MicroRNA-193b regulates proliferation, migration and invasion in human hepatocellular carcinoma cells.

Background And Aims: Recently, some miRNAs have been reported to be connected closely with the development of human hepatocellular carcinoma. However, the functions of these miRNAs in HCC remain largely undefined.

Methods: The expression profiles of miR-193b were compared between HCC tissues and adjacent normal liver tissues using qRT-PCR method. This method was also be used to screen the potential target genes of miR-193b. A luciferase reporter assay was conducted to confirm target association. Finally, the functional effect of miR-193b in hepatoma cells was examined further.
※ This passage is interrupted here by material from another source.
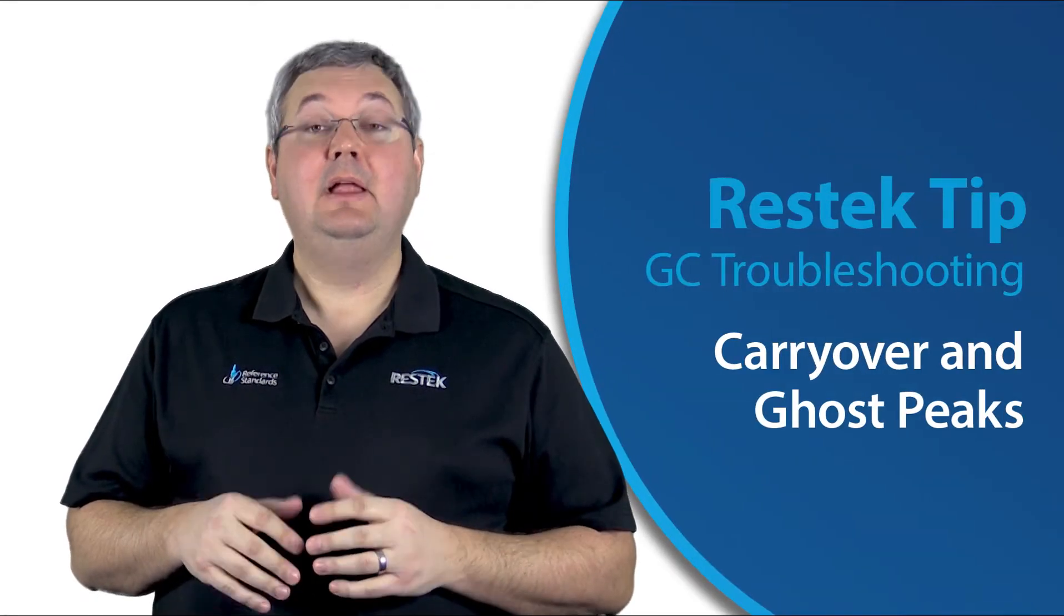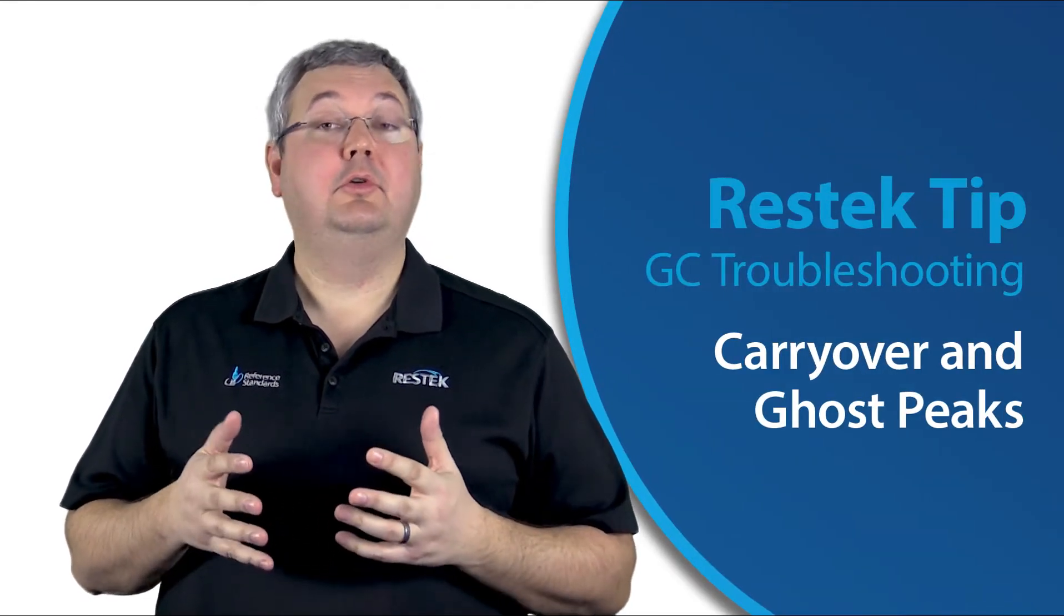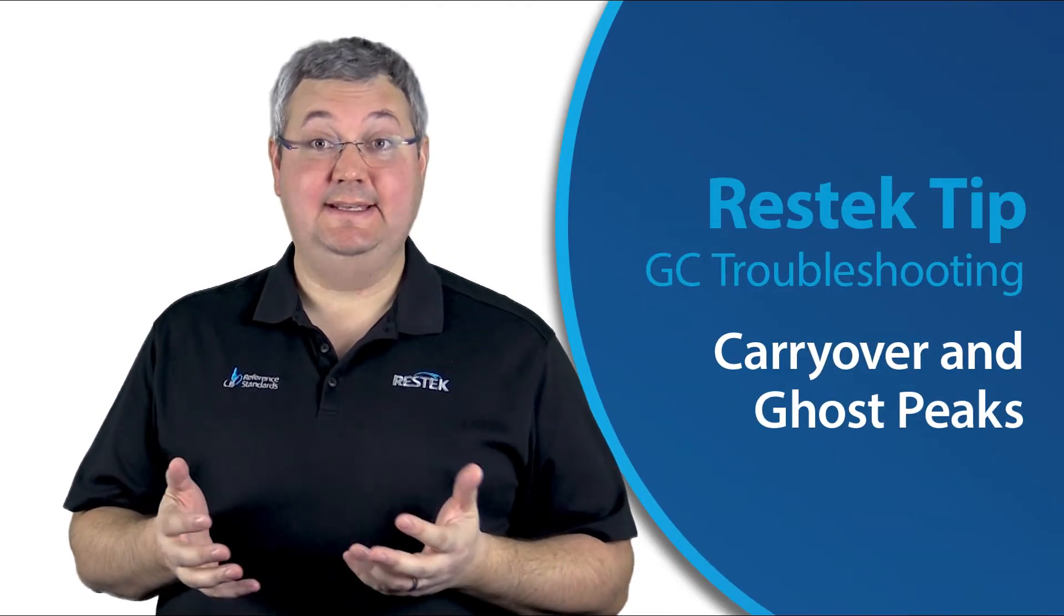Hi folks. Welcome to another ResTech Tip. Let's talk about carryover or ghost peaks today.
Results: miR-193b was significantly down-regulated in most of the HCC tissues compared to the matching non-tumoural liver tissues. Furthermore, ectopic expression of miR-193b dramatically suppressed the ability of hepatoma cells to form colonies in vitro and to develop tumours in nude mice. CCND1 and ETS1 were revealed to be regulated by miR-193b directly. By regulating the expressions of these oncogenes, miR-193b induced cell cycle arrest and inhibited the invasion and migration of hepatoma cells.

Conclusions: miR-193b may function as a tumour suppressor in the development of HCC by acting on multiple tumourigenic pathways.